Output Labeled Data

This tutorial shows how to output labeled data.

After annotation we need to get the labeled data. We can output it on CoNLL format or JSON format.

from flair.embeddings import WordEmbeddings

from seqal.active_learner import ActiveLearner
from seqal.datasets import ColumnCorpus, ColumnDataset
from seqal.samplers import LeastConfidenceSampler
from seqal.utils import load_plain_text, add_tags, output_labeled_data

# 1~7 steps can be found in Introduction

# 8. iteration
for i in range(iterations):
    # 9. query unlabeled sentences
    queried_samples, unlabeled_sentences = learner.query(
        unlabeled_sentences, query_number, token_based=token_based, research_mode=False
    )

    # 10. annotate data
    annotated_data = human_annotate(queried_samples)
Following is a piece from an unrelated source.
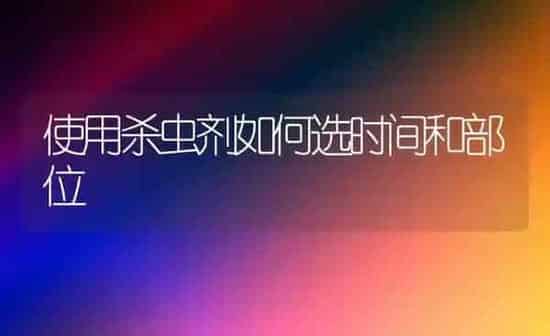 使用杀虫剂如何选时间和部位 | 养殖知识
    # 11. retrain model with newly added queried_samples
    queried_samples = add_tags(annotated_data)
    learner.teach(queried_samples, dir_path=f"output/retrain_{i}")

# 12. Output labeled data
output_labeled_data(corpus.train.sentences, file_path="labeled_data.txt", file_format="conll", tag_type='ner')

We should know that all newly labeled data are added to the training dataset, so we just need to output the training dataset.

The file_path is the path to save the file, file_format is the output format, and the tag_type is the tag type we want to output.

If we want to output the JSON file, we change the use below code.

output_labeled_data(corpus.train.sentences, file_path="labeled_data.json", file_format="json", tag_type='ner')